2. Overwegingen ten aanzien van het bewijs [1]
InleidingVerdachte wordt – kort gezegd – verweten dat hij in de periode van 1 december 2017 tot en met 31 juli 2020 goederen heeft verkocht via de website Marktplaats.nl, daarvoor geld heeft ontvangen van de kopers, maar de verkochte goederen niet heeft geleverd. Deze handelswijze is hem primair verweten als overtreding van artikel 326e van het Wetboek van Strafrecht (Sr) en subsidiair als overtreding van artikel 326 Sr. De tenlastelegging is gebaseerd op de aangiftes van elf personen. De aangiftes hebben betrekking op feiten verspreid over de tenlastegelegde periode.

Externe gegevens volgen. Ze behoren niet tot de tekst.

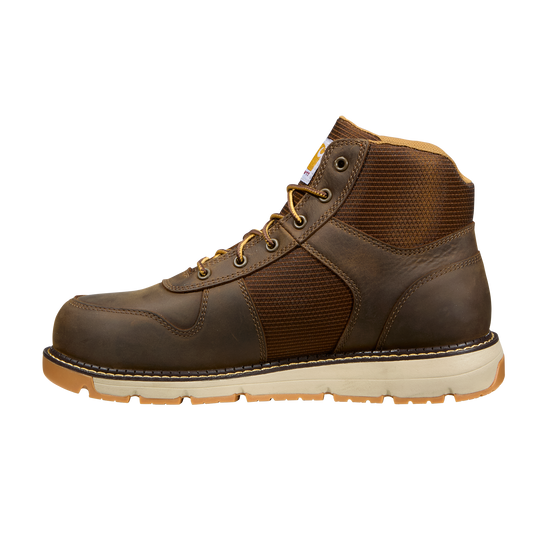 Carhartt Men's Millbrook Mid Nano Toe Wedge Work Boot - Brown - FM5455-M - Overlook Boots
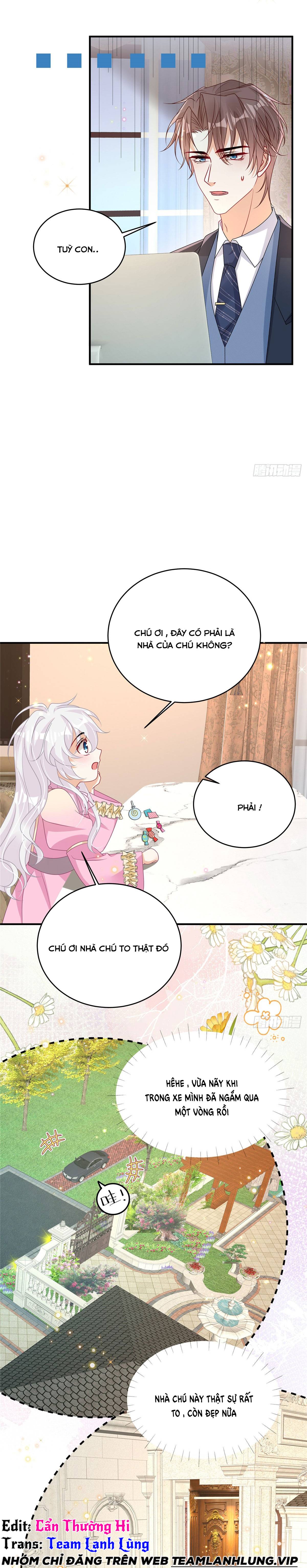 Tôi Dắt Bé Con Về Nổ Tung Nhà Chồng Cũ - Chap – 6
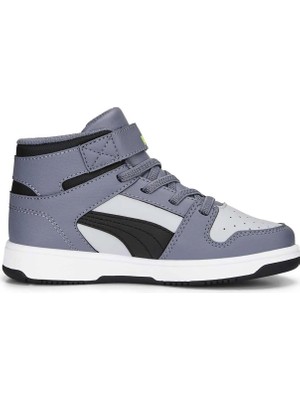 Puma Gri Erkek Yürüyüş Ayakkabısı 37048820-PUMA Rebound Layup Sl V Ps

Het standpunt van de officier van justitie
De officier van justitie heeft gesteld dat wettig en overtuigend bewezen kan worden dat verdachte zich ten aanzien van de aangevers [slachtoffer 5] , [slachtoffer 6] , [slachtoffer 7] , [slachtoffer 8] , [slachtoffer 9] , [slachtoffer 10] en [slachtoffer 11] schuldig heeft gemaakt aan het primair tenlastegelegde. Ten aanzien van de aangevers [slachtoffer 1] , [slachtoffer 2] , [slachtoffer 3] en [slachtoffer 4] heeft verdachte zich schuldig aan het subsidiair tenlastegelegde.
Het standpunt van de verdediging
De raadsman heeft zich ten aanzien van de aangevers [slachtoffer 5] , [slachtoffer 6] , [slachtoffer 7] , [slachtoffer 8] , [slachtoffer 9] , [slachtoffer 10] en [slachtoffer 11] gerefereerd aan het oordeel van de militaire kamer.

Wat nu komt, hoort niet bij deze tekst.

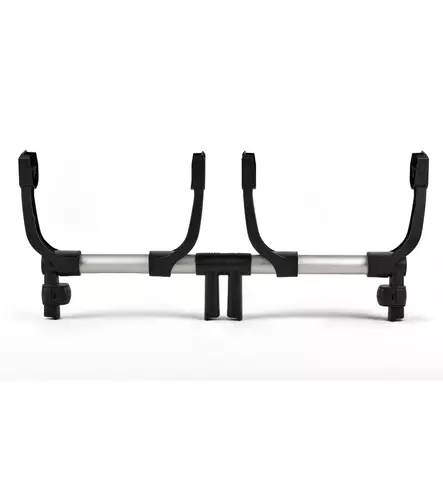 Bugaboo Donkey 6 Turvakaukaloadapterit kahdelle turvakaukalolle wauva - Lastenvaunujen ja -rattaiden adapterit - 200075001 - 2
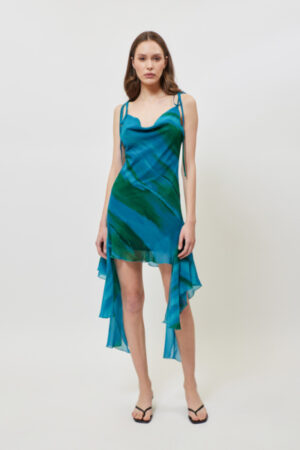 ANYA PRINTED DRESS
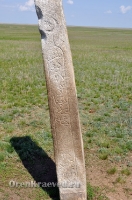 Старое кладбище близ реликтовой лиственницы 2. Май 2012 года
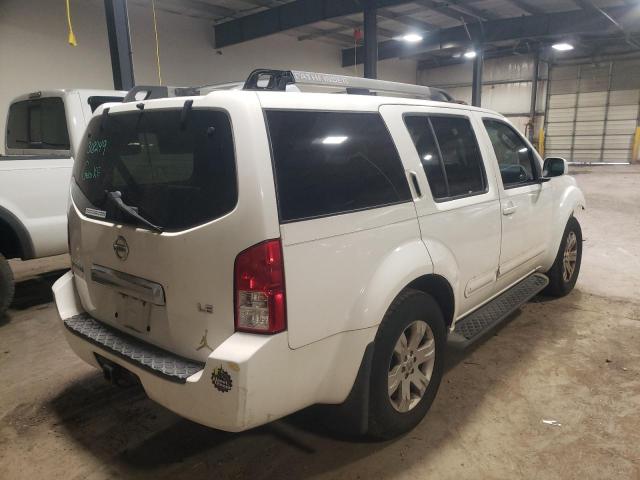 Photo 4 from auction – 2005 NISSAN PATHFINDER with VIN 5N1AR18U85C741912
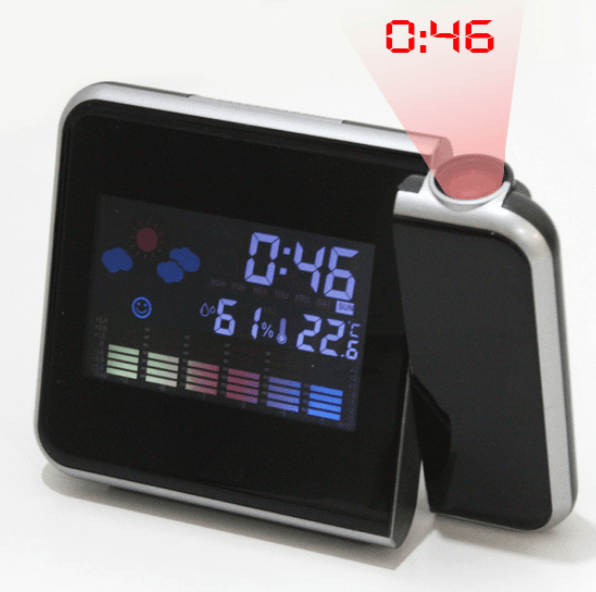 Home electronic clock - Mamofa Global Store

Ten aanzien van de aangevers [slachtoffer 1] , [slachtoffer 2] , [slachtoffer 3] en [slachtoffer 4] heeft de raadsman bepleit dat verdachte voor het primair tenlastegelegde wordt ontslagen van alle rechtsvervolging, omdat de tenlastegelegde feiten voor wat betreft deze aangevers dateren van voor de inwerkingtreding van artikel 326e Sr. Voor het subsidiair tenlastegelegde moet verdachte ten aanzien van deze aangevers worden vrijgesproken, omdat niet bewezen kan worden dat gebruik is gemaakt van de in artikel 326 Sr bedoelde oplichtingsmiddelen.

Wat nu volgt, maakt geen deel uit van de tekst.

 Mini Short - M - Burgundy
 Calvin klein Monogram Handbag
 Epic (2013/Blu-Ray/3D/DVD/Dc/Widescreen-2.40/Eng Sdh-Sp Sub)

De beoordeling door de militaire kamer van het primair tenlastegelegde
Ontslag van alle rechtsvervolging
Het primair tenlastegelegde is gebaseerd op artikel 326e Sr. Dit artikel is in werking getreden op 1 maart 2019. De tenlastelegging heeft echter deels betrekking op feiten die zouden zijn begaan voor deze datum. Dat zijn de feiten waarvoor aangifte is gedaan door [slachtoffer 1] , [slachtoffer 2] , [slachtoffer 3] en [slachtoffer 4] . Omdat in artikel 1, eerste lid, Sr is bepaald dat geen feit strafbaar is dan uit kracht van een daaraan voorafgegane wettelijke strafbepaling, is strafbaarheid voor deze feiten op grond van artikel 326e Sr uitgesloten. Om die reden kan niet gekomen worden tot een bewezenverklaring van de feiten die betrekking hebben op de periode voor 1 maart 2019. Verdachte zal daarom ten aanzien van deze feiten worden ontslagen van alle rechtsvervolging.
Bekennende verdachte
Er is ten aanzien van de aangevers [slachtoffer 5] , [slachtoffer 6] , [slachtoffer 7] , [slachtoffer 8] , [slachtoffer 9] , [slachtoffer 10] en [slachtoffer 11] sprake van een bekennende verdachte als bedoeld in artikel 359, derde lid, laatste zin, van het Wetboek van Strafvordering en daarom wordt volstaan met een opgave van de bewijsmiddelen.
Bewijsmiddelen:
- het proces-verbaal van aangifte van [slachtoffer 5] , p. 445-447;
- het proces-verbaal van aangifte van [slachtoffer 6] , p. 453-454;
- het proces-verbaal van aangifte van [slachtoffer 7] , p. 460-461;
- het proces-verbaal van aangifte van [slachtoffer 8] , p. 466-468;
- het proces-verbaal van aangifte van [slachtoffer 9] , p. 479-480;
- het proces-verbaal van aangifte van [slachtoffer 10] , p. 487-489;
- het proces-verbaal van aangifte van [slachtoffer 11] , p. 492-494;
- de verklaring van verdachte afgelegd ter terechtzitting van 18 juli 2022.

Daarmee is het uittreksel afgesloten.